§ **DATA PROVIDED**
=== Begin Enclosure ===

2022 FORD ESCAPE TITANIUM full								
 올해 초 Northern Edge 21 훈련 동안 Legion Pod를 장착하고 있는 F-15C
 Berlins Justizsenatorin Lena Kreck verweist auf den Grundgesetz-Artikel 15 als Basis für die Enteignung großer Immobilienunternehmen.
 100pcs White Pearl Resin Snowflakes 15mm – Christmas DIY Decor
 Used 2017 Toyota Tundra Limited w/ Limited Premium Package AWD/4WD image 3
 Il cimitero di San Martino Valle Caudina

=== End Enclosure ===

§ **EXERCISE PROMPT**
Only the lines from the one containing "100pcs White Pearl" through the end of the listing belong in the response, each reproduced exactly.

§ **RESPONSE AREA**
 100pcs White Pearl Resin Snowflakes 15mm – Christmas DIY Decor
 Used 2017 Toyota Tundra Limited w/ Limited Premium Package AWD/4WD image 3
 Il cimitero di San Martino Valle Caudina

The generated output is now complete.